If you’d prefer the low-volume mailing list, just contact us. Then we’d email you maybe once a month and only with major announcements. That’s low volume.
Wait, what’s in it for you??!? Good question. Well, for one, if you live in Austin you’ll be invited to our squid parties. You’ll get alerts whenever a new issue of Space Squid is published. You’ll also get updates any time new stories, artwork, cartoons, news items, and whatnot hit the site.
The squid parties aren’t like ordinary parties. We like active parties. Previous events featured some of the following unmissables:
- public humiliation of writers and artists
- free beer
- free food
- cool books
- funny t-shirts
- and TESTING OF ZOMBIE-KILLING TECHNIQUES.
Now some of you – probably the ones who are best entrusted with zombie-slaying weapons – are asking, “WTF?!? Zombie killing tests? Are you insane? And where can I get my own zombie?!?”

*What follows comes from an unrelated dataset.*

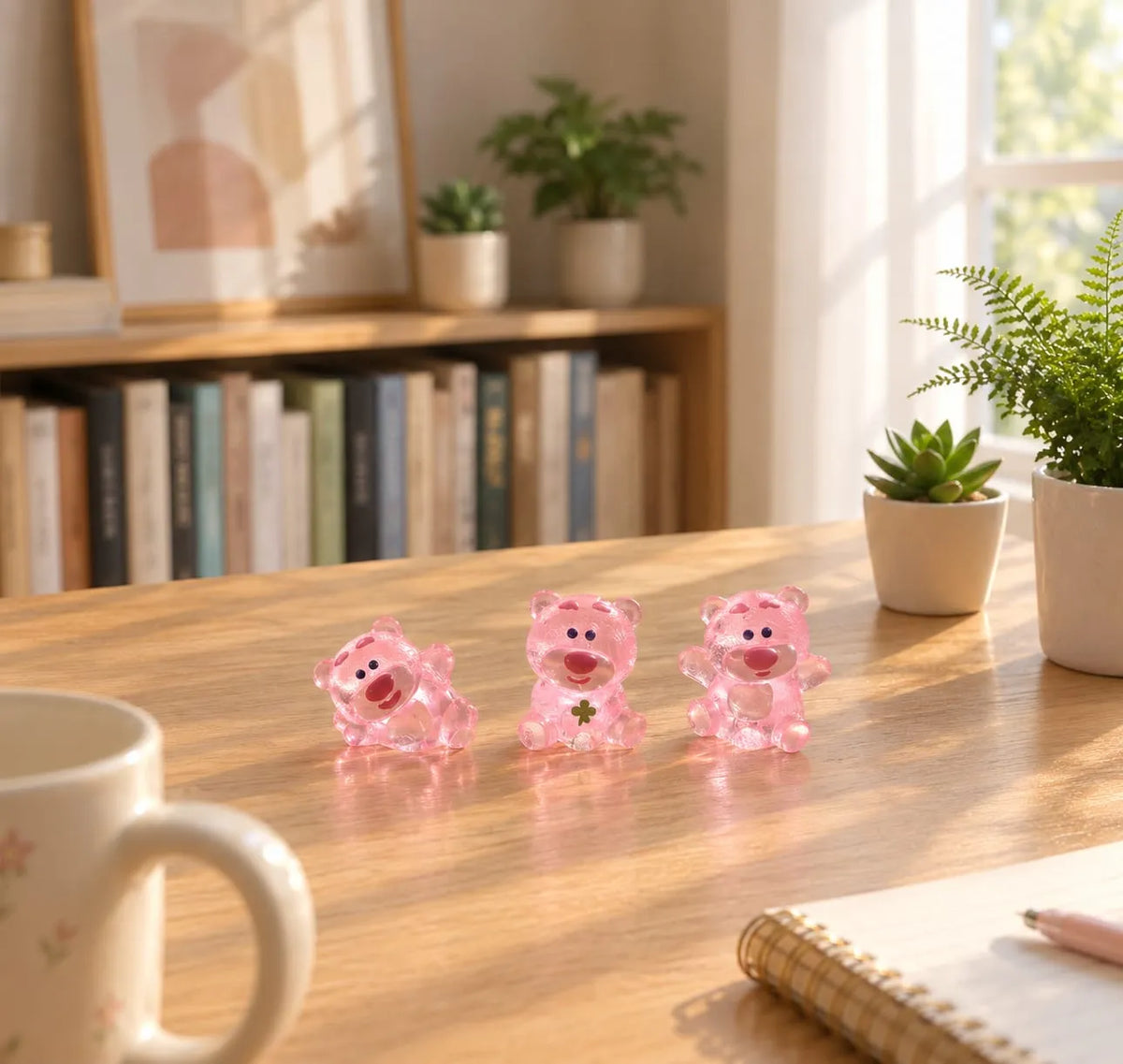 Miniature Glow Pink Bear Assorted (1pc) displayed on a wooden table with other miniatures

That’s the straight dope. We tested the efficacy of legal zombie killing weapons on real actual skulls. NO SHIT.
For two, if you sign up on the list, you’ll get all the latest dope from us. Could be story readings, artwork, the latest funny t-shirt we’ve made, or the announcement of a new issue, brimming with stories, comix, and da funny. You can unsubscribe at any time. You don’t even have to live in Austin.

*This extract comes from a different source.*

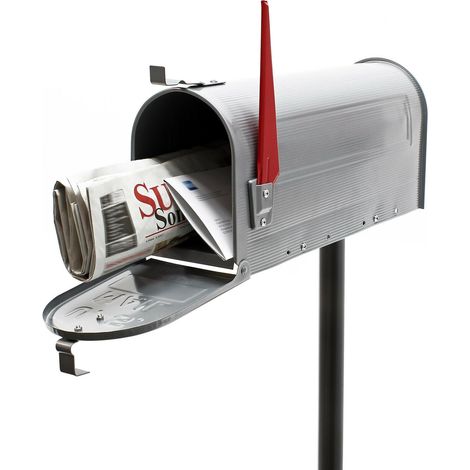 Cassetta postale americana argento Piedino di supporto per posta design americano 160000332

Okay, now that you’ve signed up, here’s the Q&A from our zombie event, because you might still have some questions.
So…you’re saying that if I show up with my axe and samurai sword, they’ll actually let me in the door?
Kinda. We’ll do the bashing in the parking lot. Please observe applicable laws in arriving at the store safely. We have no idea what laws govern the transport of samurai swords.
Do I need to bring a raincoat?
If you plan on testing a weapon, please don’t come in top hat and spats.
Oh wait. What the hell are we saying? Please do come in top hat and spats.
A raincoat is fine; just don’t scare the customers. If you choose, you can have a Squid editor test your weapon for you. Of course, spectators should be safe from gore as long as they don’t get too friendly with the corpses.